* [Data listing]:

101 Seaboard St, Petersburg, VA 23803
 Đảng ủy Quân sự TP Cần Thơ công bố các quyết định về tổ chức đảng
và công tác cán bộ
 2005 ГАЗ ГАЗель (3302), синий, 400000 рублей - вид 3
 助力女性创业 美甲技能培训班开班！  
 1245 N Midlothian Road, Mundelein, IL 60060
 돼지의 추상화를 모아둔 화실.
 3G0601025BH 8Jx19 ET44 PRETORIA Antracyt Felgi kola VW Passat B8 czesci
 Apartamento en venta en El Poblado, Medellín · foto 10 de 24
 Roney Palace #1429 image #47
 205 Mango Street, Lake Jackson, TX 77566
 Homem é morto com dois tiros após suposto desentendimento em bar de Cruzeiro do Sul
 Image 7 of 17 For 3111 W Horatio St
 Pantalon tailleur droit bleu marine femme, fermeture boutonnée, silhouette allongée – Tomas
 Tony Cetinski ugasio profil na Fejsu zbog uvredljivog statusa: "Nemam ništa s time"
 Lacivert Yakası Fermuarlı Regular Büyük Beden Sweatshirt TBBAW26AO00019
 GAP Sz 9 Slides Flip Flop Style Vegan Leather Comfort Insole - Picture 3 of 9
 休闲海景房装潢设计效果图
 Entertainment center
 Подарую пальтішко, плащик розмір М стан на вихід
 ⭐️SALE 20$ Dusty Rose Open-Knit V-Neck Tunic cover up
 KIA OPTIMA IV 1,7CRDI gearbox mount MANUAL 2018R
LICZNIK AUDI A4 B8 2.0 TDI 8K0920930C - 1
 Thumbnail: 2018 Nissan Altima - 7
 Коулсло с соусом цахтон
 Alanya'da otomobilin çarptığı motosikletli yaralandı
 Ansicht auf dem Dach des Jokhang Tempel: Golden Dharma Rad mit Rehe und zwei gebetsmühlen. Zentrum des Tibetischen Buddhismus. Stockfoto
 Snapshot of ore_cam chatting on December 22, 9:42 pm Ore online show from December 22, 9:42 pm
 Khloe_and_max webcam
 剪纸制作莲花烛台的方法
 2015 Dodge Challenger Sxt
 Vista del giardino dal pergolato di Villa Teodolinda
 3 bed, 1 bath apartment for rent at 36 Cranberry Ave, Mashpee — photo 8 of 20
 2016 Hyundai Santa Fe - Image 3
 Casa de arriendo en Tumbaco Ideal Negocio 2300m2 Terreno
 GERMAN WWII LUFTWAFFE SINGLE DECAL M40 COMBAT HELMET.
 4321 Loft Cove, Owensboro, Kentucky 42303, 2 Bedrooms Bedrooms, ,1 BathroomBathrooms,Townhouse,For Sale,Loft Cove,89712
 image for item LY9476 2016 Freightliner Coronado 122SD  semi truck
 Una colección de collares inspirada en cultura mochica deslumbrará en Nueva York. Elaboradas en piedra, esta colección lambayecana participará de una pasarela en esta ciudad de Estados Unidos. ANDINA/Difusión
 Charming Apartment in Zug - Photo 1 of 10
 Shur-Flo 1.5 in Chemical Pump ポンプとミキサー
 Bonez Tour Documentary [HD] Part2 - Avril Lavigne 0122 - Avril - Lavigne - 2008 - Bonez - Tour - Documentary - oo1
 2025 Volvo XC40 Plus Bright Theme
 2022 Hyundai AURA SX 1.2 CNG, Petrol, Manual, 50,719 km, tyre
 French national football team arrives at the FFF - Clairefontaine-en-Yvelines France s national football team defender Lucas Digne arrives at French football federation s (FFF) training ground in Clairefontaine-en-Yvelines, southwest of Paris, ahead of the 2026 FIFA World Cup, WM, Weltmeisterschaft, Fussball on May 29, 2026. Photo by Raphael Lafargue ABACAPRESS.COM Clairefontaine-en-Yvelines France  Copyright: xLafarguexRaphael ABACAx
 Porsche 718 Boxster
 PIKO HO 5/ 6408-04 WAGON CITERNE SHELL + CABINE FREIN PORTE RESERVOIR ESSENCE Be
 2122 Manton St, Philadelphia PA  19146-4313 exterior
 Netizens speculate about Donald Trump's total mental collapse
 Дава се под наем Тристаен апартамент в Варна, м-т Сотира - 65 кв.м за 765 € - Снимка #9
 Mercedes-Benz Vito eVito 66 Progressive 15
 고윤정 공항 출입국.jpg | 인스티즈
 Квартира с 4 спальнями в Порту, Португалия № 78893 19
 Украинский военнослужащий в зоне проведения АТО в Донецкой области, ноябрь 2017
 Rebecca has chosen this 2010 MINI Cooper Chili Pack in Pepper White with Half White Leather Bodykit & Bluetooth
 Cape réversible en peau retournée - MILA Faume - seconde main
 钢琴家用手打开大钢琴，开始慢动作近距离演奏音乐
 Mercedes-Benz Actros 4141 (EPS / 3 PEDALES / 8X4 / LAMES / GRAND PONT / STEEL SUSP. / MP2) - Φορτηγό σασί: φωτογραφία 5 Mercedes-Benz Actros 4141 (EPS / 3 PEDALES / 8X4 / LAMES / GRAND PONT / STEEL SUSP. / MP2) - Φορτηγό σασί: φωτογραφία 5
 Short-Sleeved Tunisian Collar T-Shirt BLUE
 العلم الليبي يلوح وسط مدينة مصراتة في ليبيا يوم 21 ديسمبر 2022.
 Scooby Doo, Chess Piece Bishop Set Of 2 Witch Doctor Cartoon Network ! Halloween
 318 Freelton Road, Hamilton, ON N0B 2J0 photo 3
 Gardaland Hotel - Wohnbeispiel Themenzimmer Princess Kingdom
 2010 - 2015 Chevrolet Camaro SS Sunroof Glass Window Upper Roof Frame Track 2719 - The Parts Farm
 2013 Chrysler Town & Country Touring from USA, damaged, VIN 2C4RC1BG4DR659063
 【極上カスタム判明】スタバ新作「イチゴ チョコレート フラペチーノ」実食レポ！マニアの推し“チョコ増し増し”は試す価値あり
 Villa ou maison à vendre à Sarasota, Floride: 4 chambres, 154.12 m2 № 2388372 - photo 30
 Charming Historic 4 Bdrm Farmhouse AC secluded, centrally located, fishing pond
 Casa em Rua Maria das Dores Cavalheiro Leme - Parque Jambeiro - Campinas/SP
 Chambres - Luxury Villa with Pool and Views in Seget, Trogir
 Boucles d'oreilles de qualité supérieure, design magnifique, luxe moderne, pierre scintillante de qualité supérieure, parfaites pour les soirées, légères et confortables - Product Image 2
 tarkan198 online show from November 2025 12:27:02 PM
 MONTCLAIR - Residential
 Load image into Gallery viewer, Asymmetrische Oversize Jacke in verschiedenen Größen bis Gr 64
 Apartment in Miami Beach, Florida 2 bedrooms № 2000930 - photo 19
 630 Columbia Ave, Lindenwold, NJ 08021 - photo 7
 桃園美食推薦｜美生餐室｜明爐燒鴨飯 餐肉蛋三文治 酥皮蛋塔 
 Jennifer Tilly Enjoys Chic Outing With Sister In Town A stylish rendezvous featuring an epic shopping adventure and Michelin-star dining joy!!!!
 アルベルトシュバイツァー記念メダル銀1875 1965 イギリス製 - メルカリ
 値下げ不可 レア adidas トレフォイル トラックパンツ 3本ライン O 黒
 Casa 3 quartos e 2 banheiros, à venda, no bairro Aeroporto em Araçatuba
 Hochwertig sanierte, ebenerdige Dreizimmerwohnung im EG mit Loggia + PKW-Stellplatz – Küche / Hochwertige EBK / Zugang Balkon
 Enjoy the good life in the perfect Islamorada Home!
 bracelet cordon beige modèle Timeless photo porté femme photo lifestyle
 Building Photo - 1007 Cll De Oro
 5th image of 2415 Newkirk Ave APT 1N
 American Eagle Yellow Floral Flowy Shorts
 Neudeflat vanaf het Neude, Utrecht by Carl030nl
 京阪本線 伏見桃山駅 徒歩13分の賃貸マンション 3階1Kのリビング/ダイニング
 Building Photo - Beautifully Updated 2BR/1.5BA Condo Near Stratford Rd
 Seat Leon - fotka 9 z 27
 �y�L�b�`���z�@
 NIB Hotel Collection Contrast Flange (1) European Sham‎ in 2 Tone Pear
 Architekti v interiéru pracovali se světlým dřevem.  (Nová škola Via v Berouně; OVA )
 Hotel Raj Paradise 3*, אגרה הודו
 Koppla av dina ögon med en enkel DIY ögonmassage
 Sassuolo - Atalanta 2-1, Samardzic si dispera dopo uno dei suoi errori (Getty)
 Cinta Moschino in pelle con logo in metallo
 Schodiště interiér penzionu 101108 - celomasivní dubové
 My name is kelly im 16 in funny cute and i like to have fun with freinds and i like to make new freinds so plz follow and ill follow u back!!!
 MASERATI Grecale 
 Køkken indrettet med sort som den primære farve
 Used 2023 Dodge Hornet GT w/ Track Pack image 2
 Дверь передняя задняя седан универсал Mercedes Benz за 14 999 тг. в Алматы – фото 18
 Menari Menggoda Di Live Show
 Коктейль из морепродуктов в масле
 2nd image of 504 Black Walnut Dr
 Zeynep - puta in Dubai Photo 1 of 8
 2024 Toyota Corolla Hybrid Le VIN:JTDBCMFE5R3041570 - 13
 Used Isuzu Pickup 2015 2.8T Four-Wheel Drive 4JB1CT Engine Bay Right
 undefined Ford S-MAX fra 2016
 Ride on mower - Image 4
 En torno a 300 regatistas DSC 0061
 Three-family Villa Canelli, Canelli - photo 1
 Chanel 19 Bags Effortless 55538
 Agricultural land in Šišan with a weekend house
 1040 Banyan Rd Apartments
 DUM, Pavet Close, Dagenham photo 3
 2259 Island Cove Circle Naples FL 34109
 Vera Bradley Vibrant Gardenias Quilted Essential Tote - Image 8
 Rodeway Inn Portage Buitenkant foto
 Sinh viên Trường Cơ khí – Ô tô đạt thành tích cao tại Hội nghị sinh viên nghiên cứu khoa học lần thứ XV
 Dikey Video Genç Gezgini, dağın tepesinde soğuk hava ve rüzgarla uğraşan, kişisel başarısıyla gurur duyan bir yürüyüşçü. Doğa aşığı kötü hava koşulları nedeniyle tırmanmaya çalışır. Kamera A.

* [What you will do]: Retrieve each line of the data in which the word "Pack" can be found.

* [Response below]:
 Rebecca has chosen this 2010 MINI Cooper Chili Pack in Pepper White with Half White Leather Bodykit & Bluetooth
 Used 2023 Dodge Hornet GT w/ Track Pack image 2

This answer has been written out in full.